Workaround for the vCenter Server appliance 5.1U1 update delay

The update process from 5.1.x to 5.1 Update 1 contains a serious flaw. The update may take more than 45 minutes, some report more than one hour. VMware even mentions this in their release notes:

Update of vCenter Server Appliance 5.1.x to vCenter Server Appliance 5.1 Update 1 halts at web UI while showing update status as installing updates*
When you attempt to upgrade vCenter Server Appliance 5.1.x to vCenter Server Appliance 5.1 Update 1, the update process halts for nearly an hour and the update status at Web UI shows as installing updates. However, eventually, the update completes successfully after an hour.

Workaround: None.
(http://www.vmware.com/support/vsphere5/doc/vsphere-vcenter-server-51u1-release-notes.html)

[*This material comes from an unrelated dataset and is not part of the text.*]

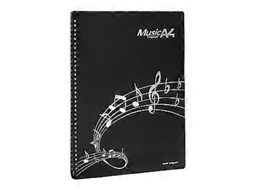 Pasta De Arquivo De Pasta De Certificado Pasta Organizadora Elegante Pasta De Música Profissional Adequada Para Manuseio Conveniente Preto Brilvibera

The generic update documentation KB article 2031331 “Updating vCenter Server Appliance 5.x” mentions even longer durations:

The update process can take approximately 90 to 120 minutes. Do not reboot until the update is complete.
(http://kb.vmware.com/kb/2031331)

Well, there is a workaround, even a very simple one:

  • log in to the appliance via SSH as root
  • execute “rm /usr/lib64/.lib*.hmac”
  • perform the update using the web UI

The update will take only a few minutes, in my case less than 10. The appliance needs to be rebooted and runs fine afterwards. Don’t worry about these files, they will be deleted during the update anyway.

The .hmac files contain hashes of /usr/lib64/libcrypto.so.0.9.8 and /usr/lib64/libssl.so.0.9.8 used for FIPS compliance. When the corresponding packages are updated, these files are not deleted immediately:

-r-xr-xr-x 1 root root 1685176 Jul 10  2012 /usr/lib64/libcrypto.so.0.9.8
-r-xr-xr-x 1 root root  343040 Jul 10  2012 /usr/lib64/libssl.so.0.9.8
-rw-r--r-- 1 root root      65 Jan 11  2012 /usr/lib64/.libcrypto.so.0.9.8.hmac
-rw-r--r-- 1 root root      65 Jan 11  2012 /usr/lib64/.libssl.so.0.9.8.hmac

The mismatch between libraries (binaries) and hashes causes all applications using OpenSSL to fail with messages like

fips.c(154): OpenSSL internal error, assertion failed: FATAL FIPS SELFTEST FAILURE

Regarding the appliance update the vami-sfcb fails to start, thus delaying the whole update process until the maximum retry limit for this service is reached. If the appliance is rebooted before this timeout, the postinstall phase was not executed and the vCenter will not start anymore. Either because of said OpenSSL error or because the vpxd does not start with the error message

Database version id ‘510’ is incompatible with this release of VirtualCenter.

I was able to revive the appliance in my lab, but this is of course neither supported nor recommended. It runs fine again, but the state is not consistent and I would always recommend to boot it just one more time to perform a migration to a fresh installation and save the configuration & data. Depending on when the update was interrupted, your results may vary.

If the appliance itself does not properly start anymore, boot it from a Linux live CD (GParted or Parted magic are sufficient), mount the filesystem and delete the .hmac files. Perform a normal boot afterwards.

If the web UI allows to do a normal update, do so, and you should be fine.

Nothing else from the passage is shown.